Erst vor neun Monaten hatte es in Mali einen Militärputsch gegeben – nun vollzieht sich in dem westafrikanischen Krisenstaat offenbar ein zweiter Staatsstreich: Im Beisein internationaler Vermittler seien am Mittwoch der abgesetzte Präsident der Übergangsregierung, Bah Ndaw, sowie Regierungschef Moctar Ouane zurückgetreten, sagte ein Vertrauter des einflussreichen malischen Armee-Obersts Assimi Goïta. Über die Freilassung der beiden Politiker sowie über die “Bildung einer neuen Regierung” werde nun verhandelt.

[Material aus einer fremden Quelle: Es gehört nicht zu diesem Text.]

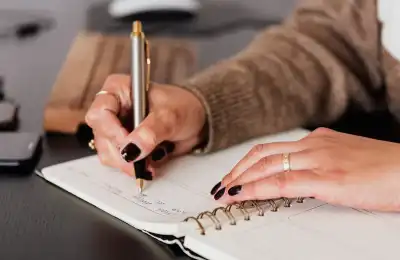 Image of someone writing.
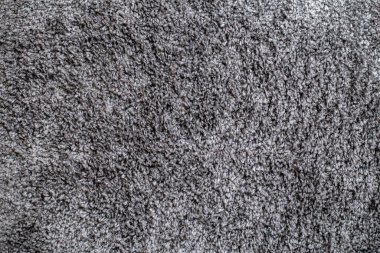 Koyu gri yumuşak bir halı deseni. Pürüzsüz, düz tabanlı.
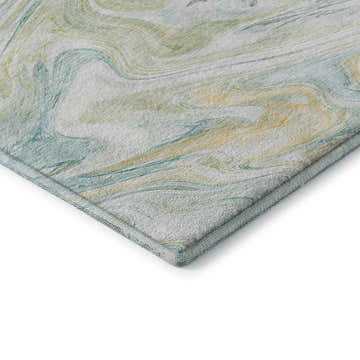 Close-up of the Dalyn Luxury Ravenna RN8 Sky Washable Area Rug. Features denim, gold, and sky blue marbled design.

Ein Mitglied der mit Delegierten der westafrikanischen Wirtschaftsgemeinschaft Ecowas, der Afrikanischen Union (AU) sowie der UN-Mission Minusma besetzten Vermittlermission widersprach der Darstellung des Goïta-Vertrauten und erklärte, Ndaw und Ouane hätten ihre Rücktritte bereits vor der Ankunft des Vermittlerteams eingereicht. Im Gespräch mit Goïta hätten die internationalen Vermittler ihren “Dissens” über die Vorgänge zum Ausdruck gebracht.

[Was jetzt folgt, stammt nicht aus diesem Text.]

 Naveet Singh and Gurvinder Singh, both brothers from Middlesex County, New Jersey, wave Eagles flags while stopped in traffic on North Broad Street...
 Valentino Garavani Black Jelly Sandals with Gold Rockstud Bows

Der Leiter der Ecowas-Delegation, der frühere nigerianische Präsident Goodluck Jonathan, brachte Sanktionen der westafrikanischen Staaten gegen Mali ins Spiel, sollte die Krise nicht gelöst werden können. Aus der Delegation Goïtas hieß es derweil, den internationalen Vermittlern seien die “Gründe” für die Absetzung Ndaws und Ouanes dargelegt worden. Am Plan, im kommenden Jahr Wahlen abzuhalten, habe sich nichts geändert.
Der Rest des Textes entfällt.